Friday, Feb. 26, 2010

Dan Walters: PG&E taking a tough line on public rivals

By Dan Walters - [email protected]


Sacramento-area voters, responding to a Sacramento Bee-led crusade, voted in 1923 to divorce themselves from Pacific Gas and Electric Co. and create a publicly owned electric utility, but it took 23 more years before the Sacramento Municipal Utility District began serving customers.

Why so long? PG&E fought a rear-guard action to delay the SMUD takeover, before finally losing in a landmark U.S. Supreme Court case.


Nearly a century later, PG&E is still resisting efforts to create publicly owned utilities, beating back several public power campaigns in San Francisco and, most recently, an effort to expand SMUD's territory into adjacent Yolo County. It's also resisted "community choice aggregation" in which local communities buy power elsewhere and use PG&E's distribution system – a battle it fought most recently in Marin County.
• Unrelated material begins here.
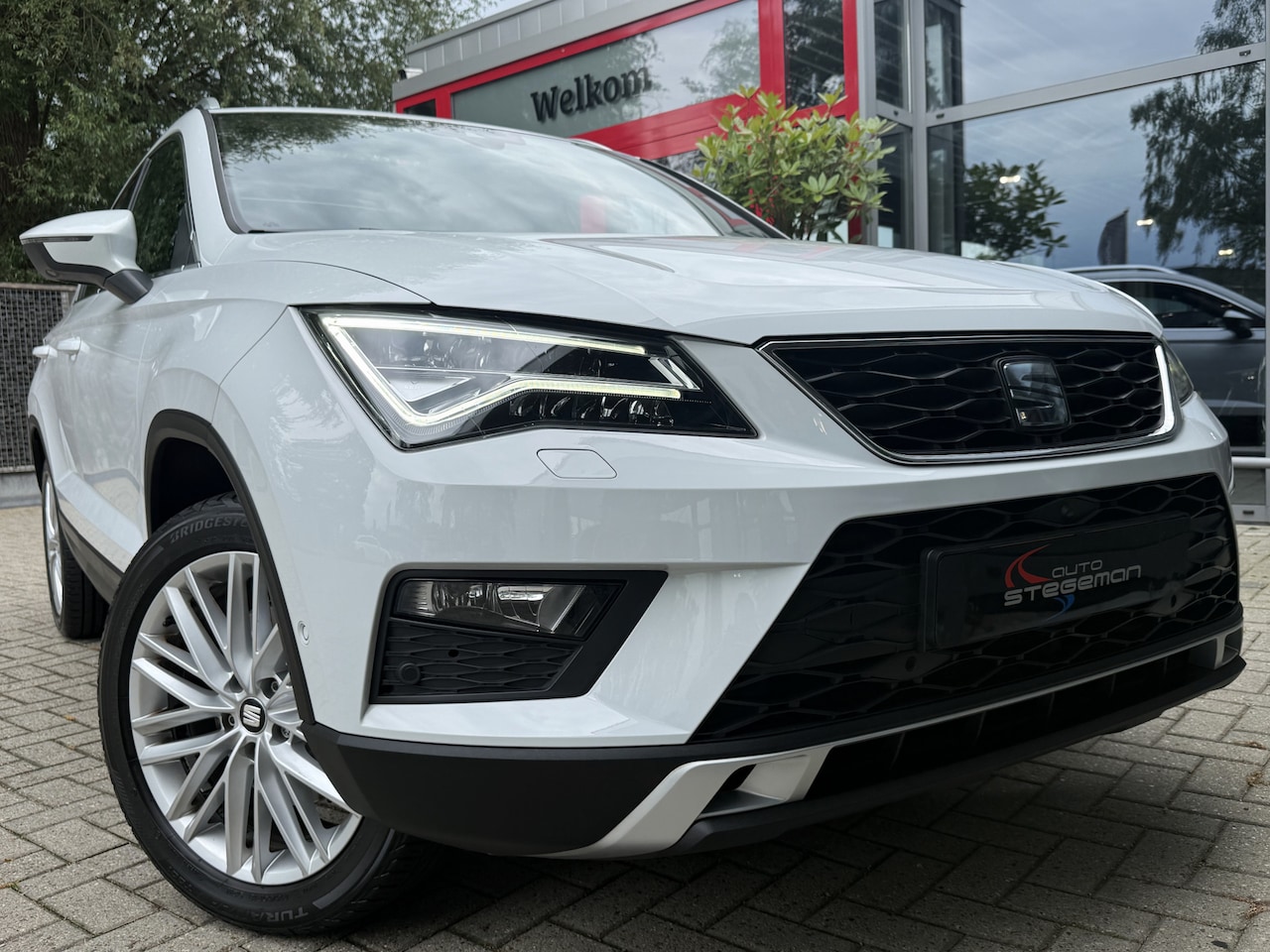 SEAT Ateca - 1.4 TSI 150PK AUT. *!* PANODAK/ RADAR/ CAMERA/ 18 INCH/ CARPLAY/ NAVI *!* - AutoWereld.nl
Tired of those battles and anticipating more on the horizon, PG&E is making a pre-emptive strike. It's sponsoring a June ballot measure, Proposition 16, that would make it much more difficult to create or expand publicly owned utilities by requiring two-thirds votes, instead of the current simple majority votes. And it's planning to spend at least $25 million to persuade voters to adopt the constitutional amendment.


It's only fair that decisions with immense financial consequences be ratified by a super-majority vote, PG&E argues. It's picked up support from major business groups, such as the California Chamber of Commerce. Predictably, however, Proposition 16 is drawing fire from consumer groups and liberal politicians, as a debate-like hearing Thursday before legislative committees demonstrated.


San Francisco legislators such as Mark Leno and Tom Ammiano sharply criticized Proposition 16 as a way for private utilities to shut down competition for customers. "In effect, this would do nothing but hurt competition," Leno said.


The measure contains a major semantic sticking point that Proposition 16 opponents are calling a "drafting error." It's the measure's core requirement that a two-thirds vote must be obtained before a municipal utility can "expand electric delivery services to a new territory or new customers."


Former state energy commissioner John Geesman calls it a "tapeworm" that could require a two-thirds vote before a municipal utility could serve new customers within its territory.


Another section says the contentious phrase does not apply to service "within the existing jurisdictional boundaries" of a utility that's the "sole electric delivery service provider," and the Legislature's budget analyst said that Proposition 16 wouldn't affect new customers within those boundaries.


However, the phrase apparently led the California Association of Realtors to oppose the measure, fearing it could be used to stop real estate development projects, thus diluting business support for Proposition 16.